# 2004- 2005 Service Agreement



## JPMAKO (Dec 10, 2003)

Here it is.
I would greatly appreciate some feedback, comments, corrections, anything you may have. Also if anybody wants to use it or modify it feel free...

Thanks,
Jason


----------



## andersonbldrs (Nov 7, 2004)

this seems pretty good and well thought out for the most part. I would change the bottom part where you call the "client" back to "customer" as thats what thier refferred to in the begining. As well as have blank areas to fill in the name of the "customer" in the begining portion. unless this is just a proposal, in that case you would save most all of what you have there for the actual contract.
I also include in mine some movement of dirt and gravel is normal and to be accepted by owner as same. Snow is to remain on owners property. And around here on commercial our trigger is 2" Nice job on that contract by the way.


Tom anderson


----------



## eng50 (Jan 30, 2004)

Not sure if you thought about actual removal of snow, or stacking in excess of what a plow can do? Bobcats, loaders, or other additional equipment you might need in larger events...Thats the only thing I thought of, otherwise a very nice well organized contract!

Good luck..


Bill


----------



## THREE W (Jan 18, 2002)

I did not like the termination part, in that "either party can terminate with
fifteen days notice"

The reason for the contract in the most part, is so they are committed to you for the entire season, obviously there are reasons for you to terminate 
(no payment,etc).

I think it gives them an out, which could happen if they found a lowballer, or late in the season they think they have spent to much $$ and don't want to finish and decided to gamble.

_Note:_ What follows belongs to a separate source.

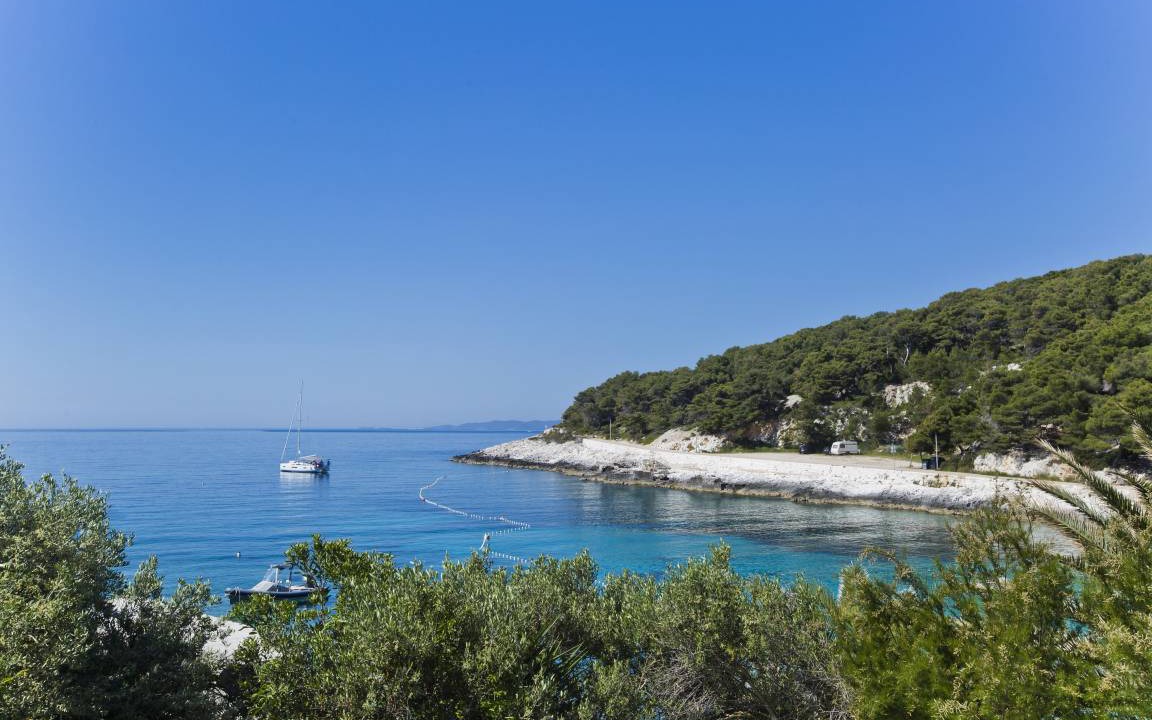 Photo of Others in Hvar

You already have it worded that the contract expires on March 31. I would leave it at that.


----------



## JPMAKO (Dec 10, 2003)

*Snow Plowing Agreement*

Thank you for your input guys.
I have made some changes, and I think that it is good now.

Thanks,
Jason


----------



## ALEX516 (May 24, 2003)

*Nice Job*

Nice job on the contract, I would include as stated previously a clause/section on heavy equipment, etc as it's better to read a bit more and have everything spelled out completely BEFORE hand than to argue it after the fact...


----------



## salt shaker (Sep 10, 2004)

*contractual obligations*

I would have to agree that this is a well thought out contract, but have many people signed on for the year? If they have, more power to you, can you be my salesman. This contract says that you are not responsible for what ever happens on their property. You can royally f-up and not be held accountable. I've seen allot of businesses (good paying accounts too) that have gone with different contractors, because they take responsibility for their actions during the plow season. If I saw this proposal/contract, it would be the last one I would consider. Guys we are supposed to be *Professionals*, let other businesses know that, and we won't have to worry about low-ballers ever again.  I agree with you not being responsible for where cars are parked, thats great! If the contractor doesn't notice you ripped up a 50' strip of sod because it was covered in snow, and he never saw it in the 48 hr. time period are you going to fix it? You even have written in here bare pavement will not always be acheived. Are you even going to show up!!? Bare pavement will commonly occur if your level of service is where it needs to be. I'm not trying to bash this proposal/contract, merely thinking the way one of your potential customers would!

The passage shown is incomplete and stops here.